What's slippery about this question is that it could refer to several distinct concepts that are all being collapsed into one deceptively simple question.
Here are at least six of those concepts:
- Identification: Does someone voluntarily identify as a Christian?
- Behavior: Is someone behaving in a way that resembles the way of Jesus or, at least, a way of life initiated by first-century Jews and Gentiles called Christianity?
- Belief: Does someone believe in a set of theological tenets that are recognizably Christian?
- Belonging: Does someone belong to a community that is called Christian?
- Born Again: Has someone been born again and is therefore conscious of and voluntarily participating in the Christian faith?

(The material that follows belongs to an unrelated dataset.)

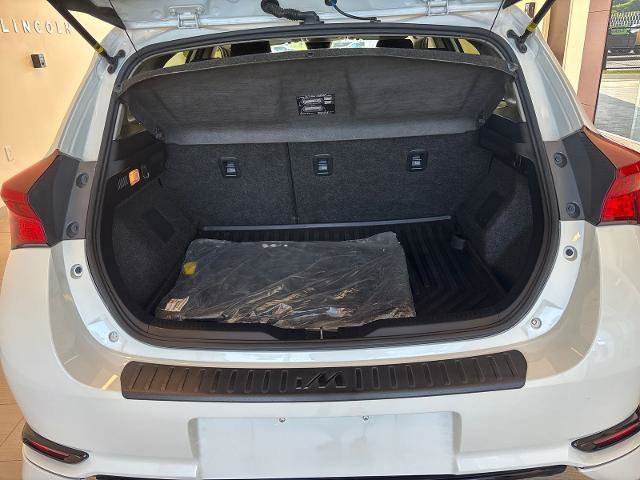Used 2018 Toyota Corolla iM w/ Protection Package FWD image 9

- Post-mortem State: Will someone be part of a paradise-like afterlife?
Let's get into specifics.
Identification
The most basic, barebones way to ask and answer the question about whether or not someone is a Christian is simply this: If asked, would the person say they are a Christian? If yes, then yes. If no, then no.
In other words, "Christian" can be as simple as a demographic identification on a survey.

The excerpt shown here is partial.